> **Data under study**
▬▬▬▬▬▬▬▬▬▬

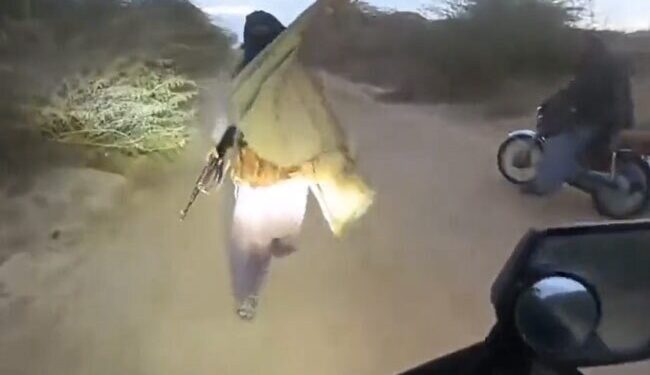 Mobile And Money Looted From A Person At Gunpoint, IPS Said – Pakistani Technique Of Toll Tax Ndtv Hindi Ndtv India – बंदूक की नोक पर शख्स से मोबाइल और पैसे लूट लिए, IPS ने कहा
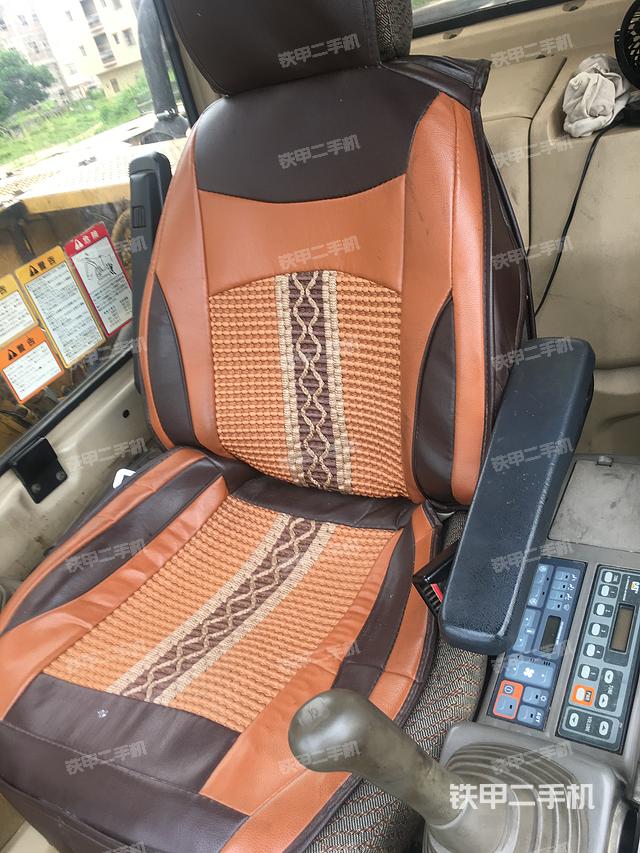 驾驶室顶部（整机外观）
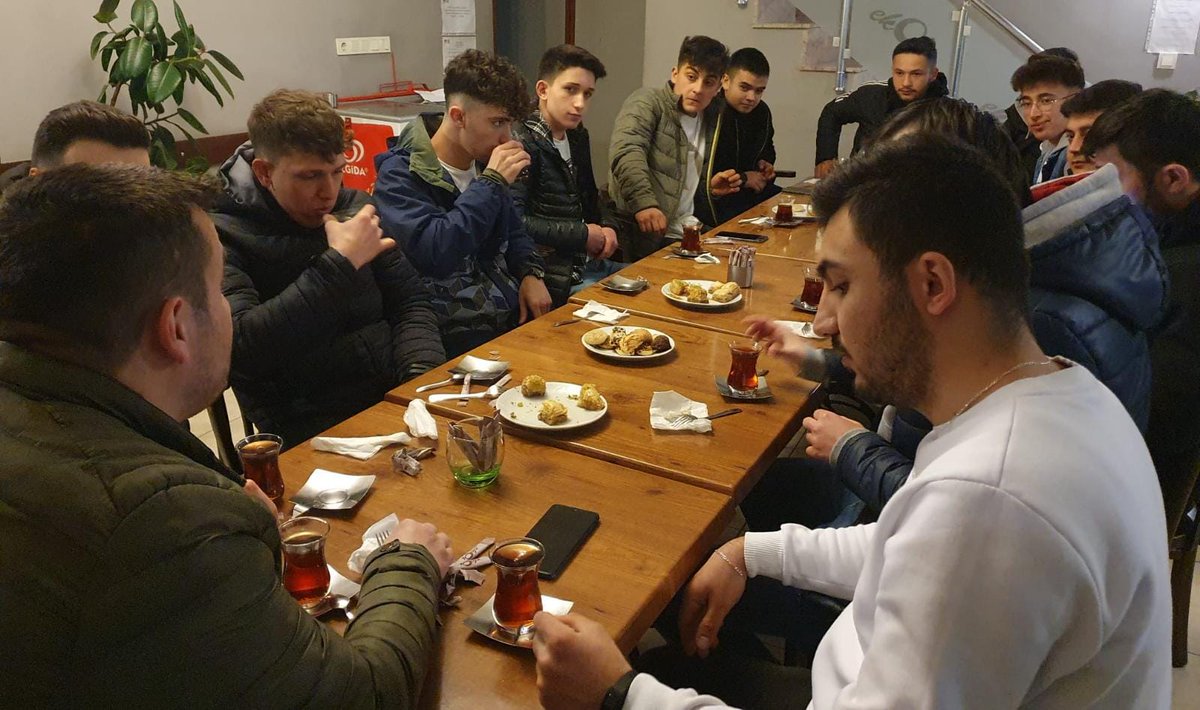 akgencdevrek's tweet photo. Mahalle Bizim Gençlik Bizim programımızı Gençlik Kolları İlçe Başkanımız Serdar Davulcu Başkanlığında İlçe Merkezimizde icra ettik. Genç kardeşlerimiz ile hasbihalde bulunduk.
#AkGençDevrek
#MahalleBizimGençlikBizim
@eyupkadirinan 
@avyusufibis 
@Benhurozubek 
@serdardvlc https://t.co/w7YmiGs8Kd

▬▬▬▬▬▬▬▬▬▬

> **Task objective**
Write out all the material verbatim, images excluded.

> **Answer to this problem**
 Mobile And Money Looted From A Person At Gunpoint, IPS Said – Pakistani Technique Of Toll Tax Ndtv Hindi Ndtv India – बंदूक की नोक पर शख्स से मोबाइल और पैसे लूट लिए, IPS ने कहा
 驾驶室顶部（整机外观）
 akgencdevrek's tweet photo. Mahalle Bizim Gençlik Bizim programımızı Gençlik Kolları İlçe Başkanımız Serdar Davulcu Başkanlığında İlçe Merkezimizde icra ettik. Genç kardeşlerimiz ile hasbihalde bulunduk.
#AkGençDevrek
#MahalleBizimGençlikBizim
@eyupkadirinan 
@avyusufibis 
@Benhurozubek 
@serdardvlc https://t.co/w7YmiGs8Kd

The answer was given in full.